Abstract

Background: Implantable cardioverter-defibrillators (ICDs) are endorsed by the current American Heart Association (AHA) Guidelines as the cornerstone in the primary prevention of mortality in patients with reduced ejection fraction (EF) (≤35%). The timing for ICD therapy in non-ischemic cardiomyopathy (NICM) is not specified in the current guidelines. The objective of this study was to determine the timing for ICD insertion for patients with NICM versus ICM in the real-world population. Methods: Retrospective design study of patients with ICDs implantation from 2019 to 2022 at our community hospital. Data was obtained via the Device Implant Registry. All eligible participants had confirmed diagnosis of ICM and NICM on chart review; while confirmed EF≤35% on echocardiography. Categorical predictors and clinical outcomes were analyzed using Pearson’s chi-square test or Fisher’s exact test. Quantitative predictors and clinical outcomes were analyzed using Student's t-test or the Wilcoxon rank sum test. Results: Our cohort included 62 patients undergoing ICD placement for primary prevention.
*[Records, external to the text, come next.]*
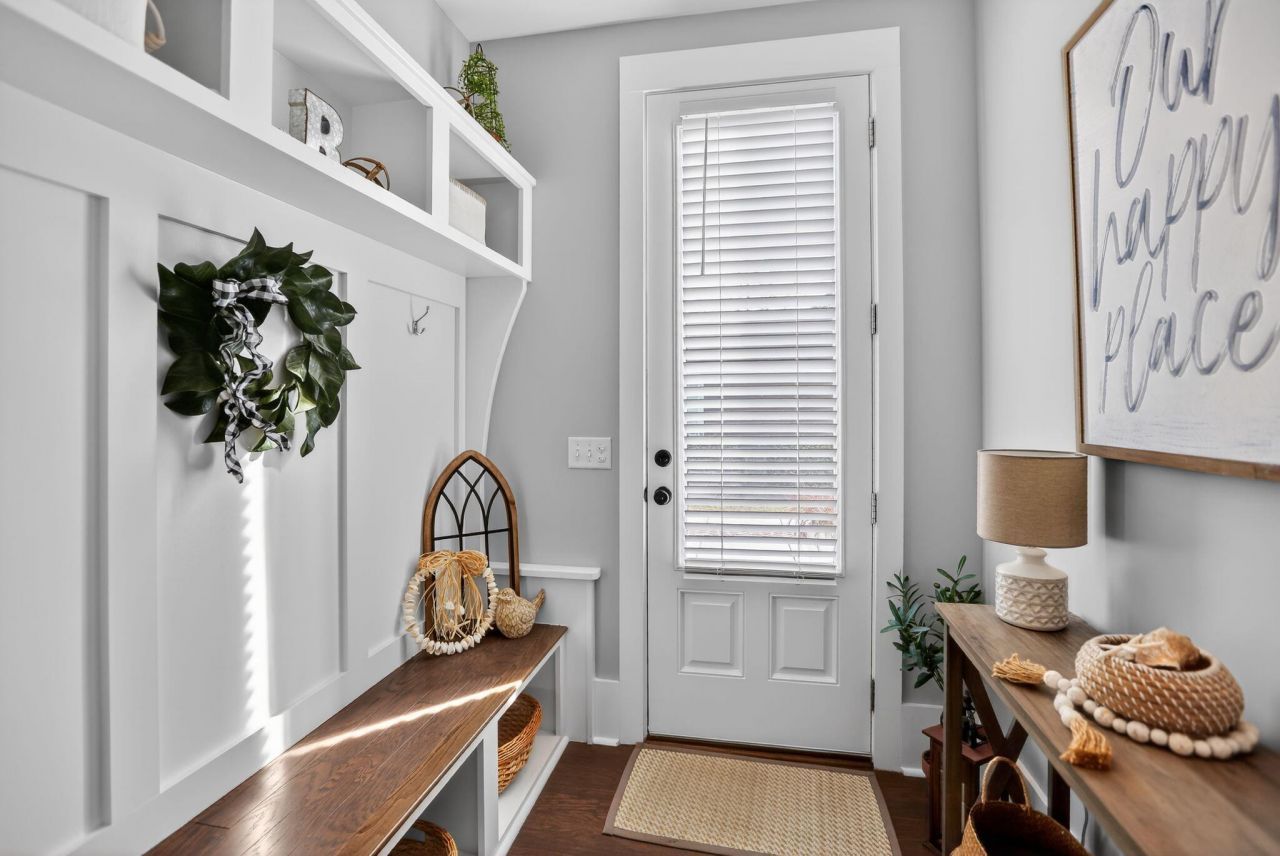 706 Kent Street Photo 19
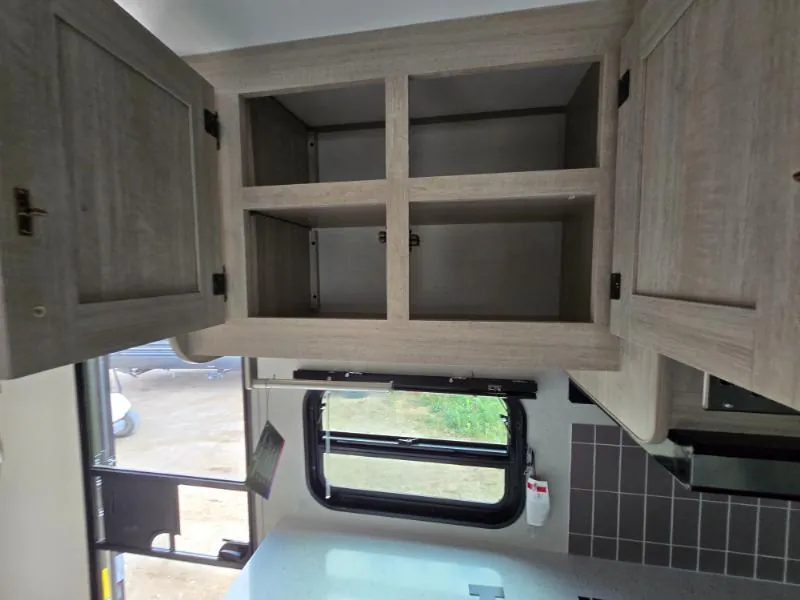 2026 Coachmen Catalina Legacy Edition 273DBHCK, Photos photo 18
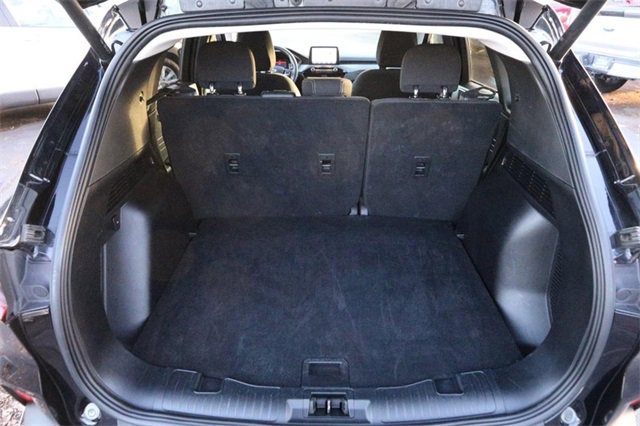 Certified 2024 Ford Escape Active w/ Cold Weather Package image 7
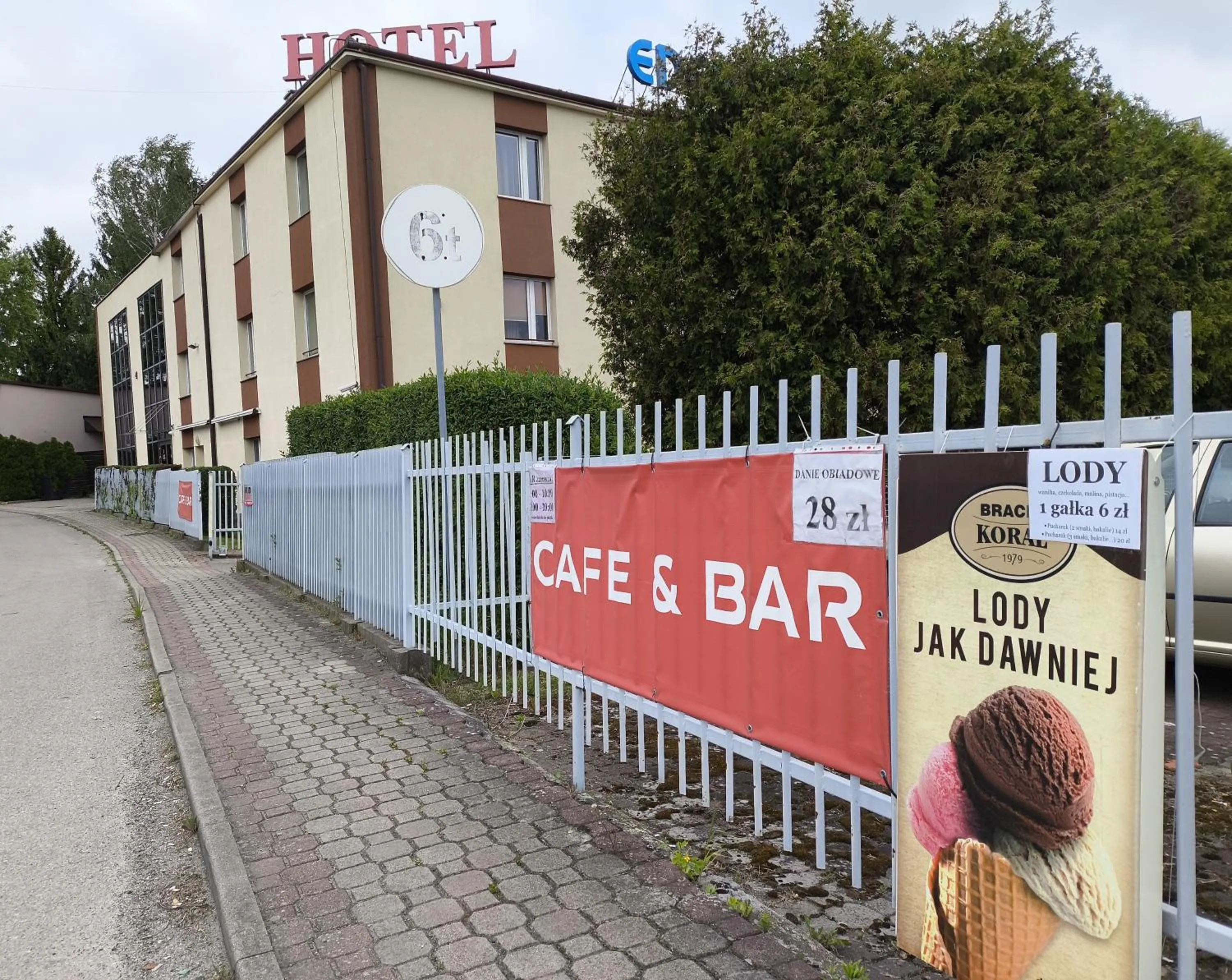 Property building in Hotel Eden 24h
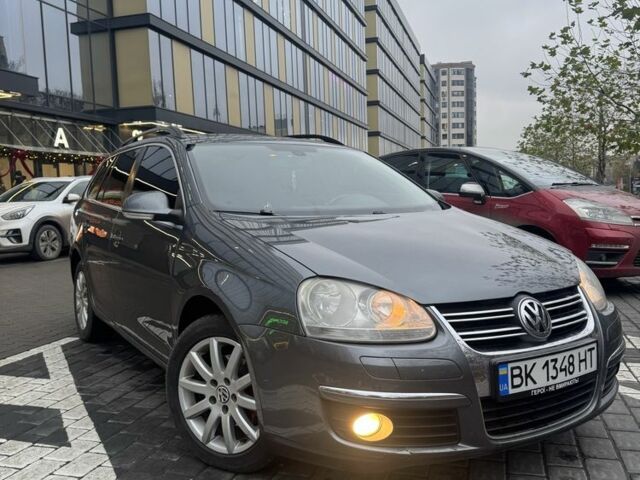 Серый Фольксваген Гольф, объемом двигателя 1.9 л и пробегом 284 тыс. км за 5500 $, фото 1 на Automoto.ua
There was no statistical significance between patients based on age, sex, race, and EF. Average time to ICD placement was 134 days for patients with ICM and 274 days for patients with NICM, a difference that favoured NICM; p =0.009 ( p <0.05). In the majority of patients, 64.5%, ICD implantation was deferred for at least 90 days compared to 35.5% patients who had an ICD placed by 90 days; p =0.001 ( p <0.05). The mortality in our study was 13% over a median of 2 years, with a predominance of ICM as compared to NICM, 75% versus 25%, respectably. Logistics regression demonstrated that timing to ICD implantation was not an independent variable of mortality. The mean overall survival was 274.4 days (SD +/- 50) in NICM compared to 134.3 days (SD +/- 21) in the ICM group, p =0.007 ( p <0.05). Conclusions: In a real-world population, time to ICD implantation was statistically different in ICM compared to NICM. ICM remains a significant risk of all-cause mortality despite the progress made in both medical and procedural treatments. Further studies are necessary to determine the appropriate time to ICD implantation in patients with NICM and reduced EF.